Due to their hardware architecture, Field Programmable Gate Arrays (FPGAs) are optimally suited for the execution of machine learning algorithms. These algorithms require the calculation of millions or even billions of multiplications for each input. To successfully accelerate a neural network, parallel execution of multiplication is the key. The obvious suggestion for parallel execution is a Graphics Processing Unit (GPU), offering hundreds of execution cores. For years, GPU vendors have been adapting the capabilities of their GPUs to meet the demand for narrow integer and floating-point data types used in AI. But still, a GPU will execute one Neural Network (NN) layer after the other, with data transfers between computation cores and memory.
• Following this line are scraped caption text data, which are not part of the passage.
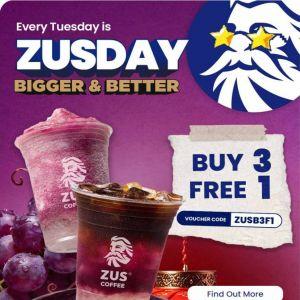 ZUS Coffee ZUSday Promotion: Buy 3 Free 1 Voucher Code | 10 February 2026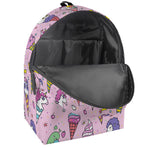 Girly Unicorn Ice Cream Pattern Print Backpack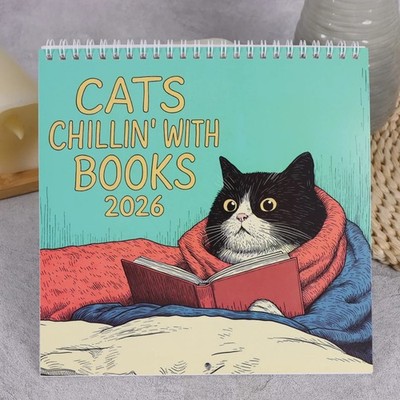2026 Cats Chillin' with Books Wall Calendar  Funny Cat Lover Gift Home  Decor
Implementing Neural Networks in FPGAs has several advantages:

  1. Flexible bit widths for both integer and fixed-point data types.
  2. Large numbers of scalable hardware multiplier cores.
  3. Flexibility due to tightly coupled memory blocks with wide parallel interfaces, allowing access to vast numbers of data points in each clock cycle.

Considering the previous points, the FPGA clearly provides all the resources required for highly parallel execution of NN algorithms.

Existing frameworks

Unfortunately, the act of porting a trained network to HDL code for implementation in the FPGA is not trivial. FPGA vendors have started to provide frameworks for running NNs in their devices. These include HDL-coded NN-coprocessor cores as IP blocks and matching compilers to convert a trained NN into a binary executable which will run on the coprocessor. However, these frameworks are based on a specific software library and therefore require a processor core running an operating system and controlling software. This means that the NN input data and network parameters are transferred from the software to the coprocessor in order to calculate the output of the NN. The output values are then transferred back to the software for interpretation.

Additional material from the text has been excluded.